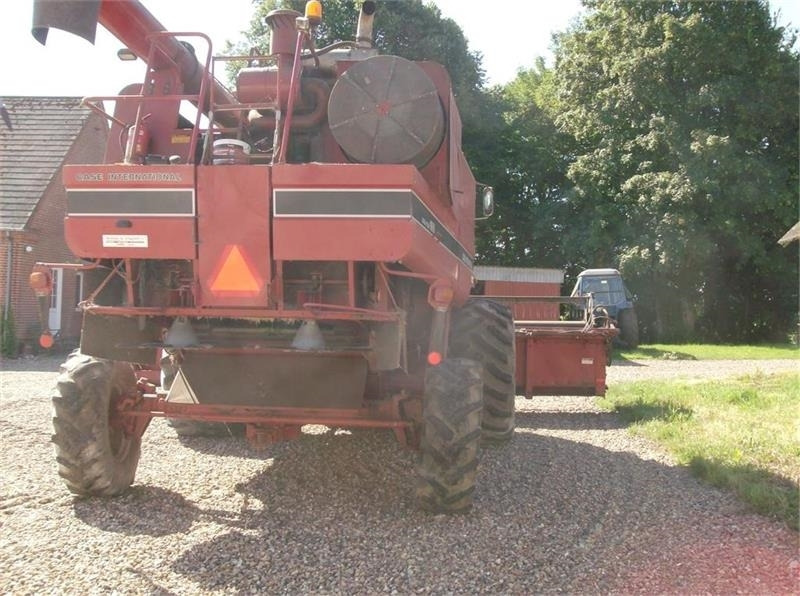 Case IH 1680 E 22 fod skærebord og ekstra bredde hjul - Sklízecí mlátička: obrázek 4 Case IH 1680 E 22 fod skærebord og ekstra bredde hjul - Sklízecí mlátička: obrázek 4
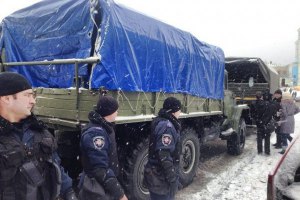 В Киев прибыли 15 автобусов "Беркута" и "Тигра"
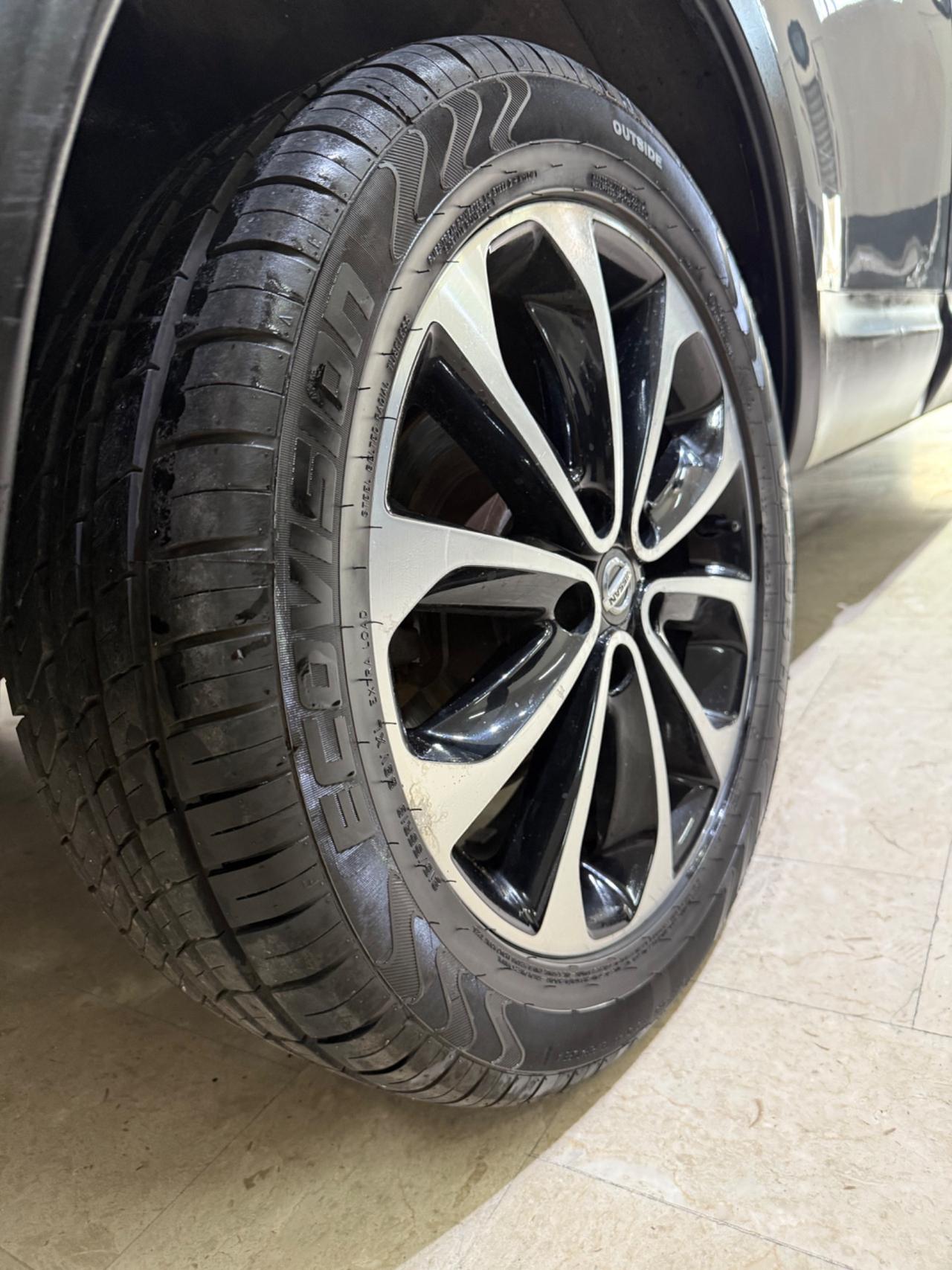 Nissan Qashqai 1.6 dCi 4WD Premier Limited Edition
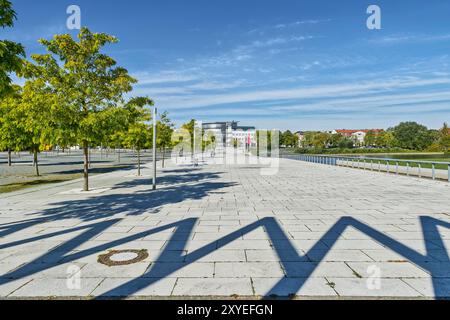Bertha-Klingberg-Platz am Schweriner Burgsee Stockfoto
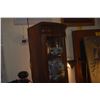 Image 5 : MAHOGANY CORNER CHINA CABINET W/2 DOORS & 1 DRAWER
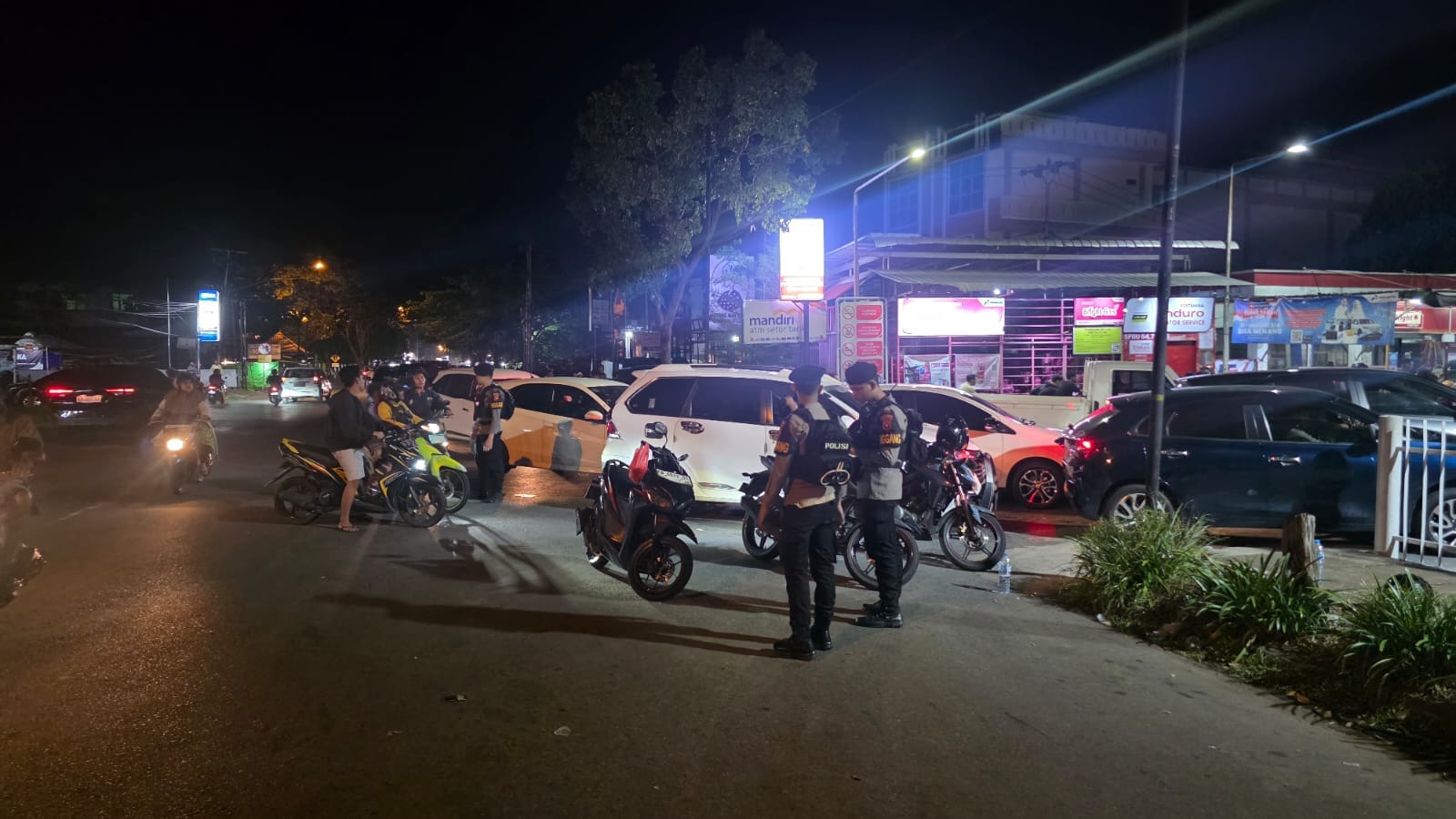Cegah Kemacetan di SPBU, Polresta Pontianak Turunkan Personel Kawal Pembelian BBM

--

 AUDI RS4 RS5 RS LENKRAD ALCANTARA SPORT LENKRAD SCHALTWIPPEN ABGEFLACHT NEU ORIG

---

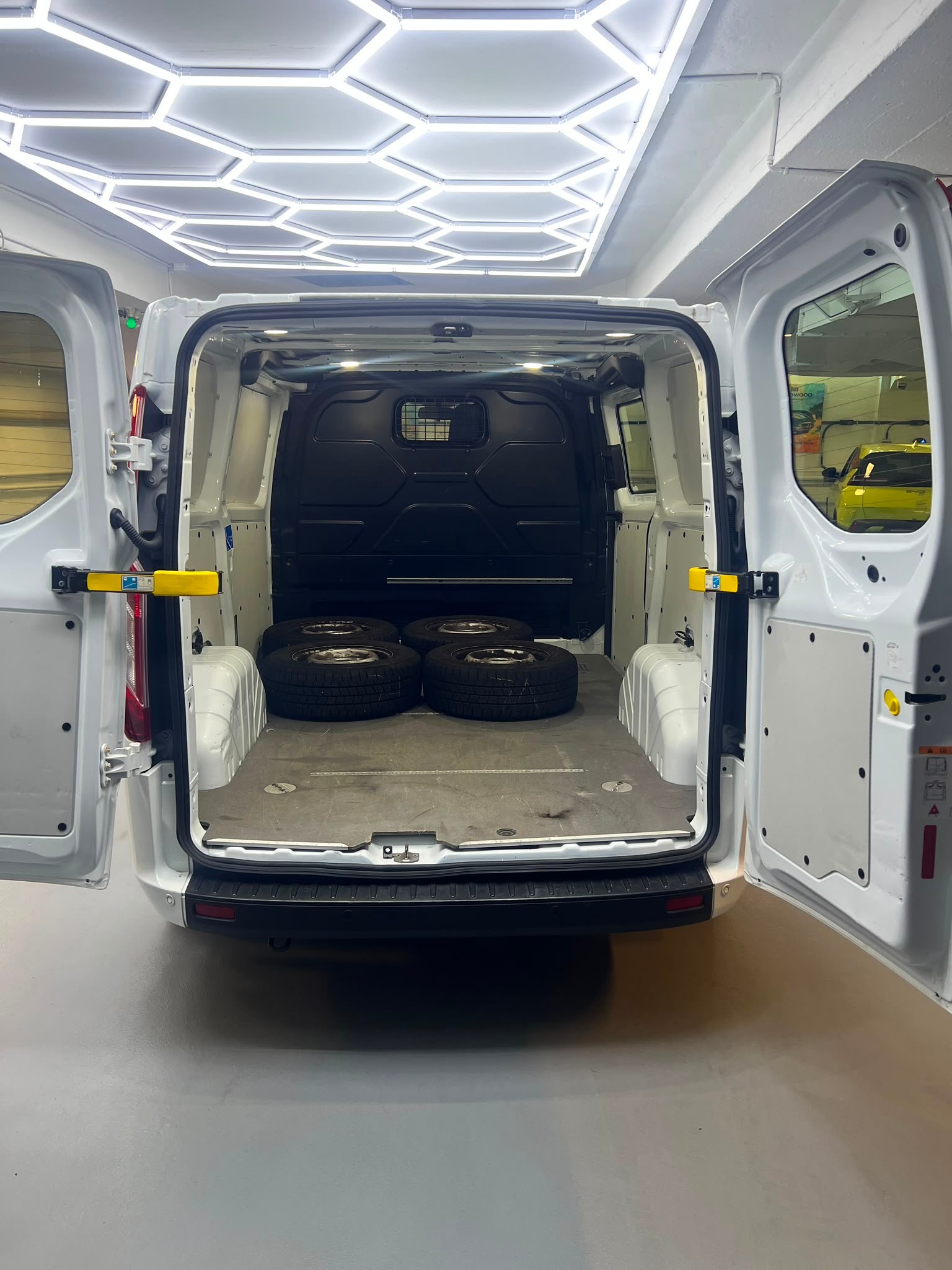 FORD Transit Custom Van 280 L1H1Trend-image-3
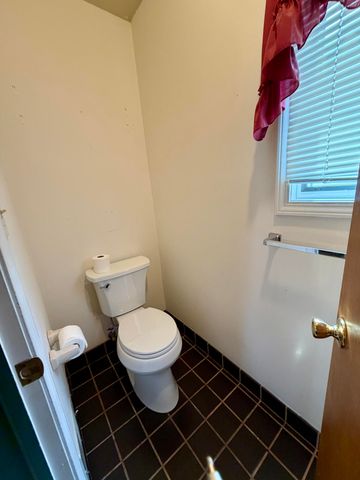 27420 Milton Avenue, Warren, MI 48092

__What is needed__. Above are records with pictures. Reproduce exactly only the lines from the line with "obrázek 4 Case" through the line with "Cegah Kemacetan di", both ends included, and leave the pictures out.

__Exercise response__.
 Case IH 1680 E 22 fod skærebord og ekstra bredde hjul - Sklízecí mlátička: obrázek 4 Case IH 1680 E 22 fod skærebord og ekstra bredde hjul - Sklízecí mlátička: obrázek 4
 В Киев прибыли 15 автобусов "Беркута" и "Тигра"
 Nissan Qashqai 1.6 dCi 4WD Premier Limited Edition
Bertha-Klingberg-Platz am Schweriner Burgsee Stockfoto
 Image 5 : MAHOGANY CORNER CHINA CABINET W/2 DOORS & 1 DRAWER
Cegah Kemacetan di SPBU, Polresta Pontianak Turunkan Personel Kawal Pembelian BBM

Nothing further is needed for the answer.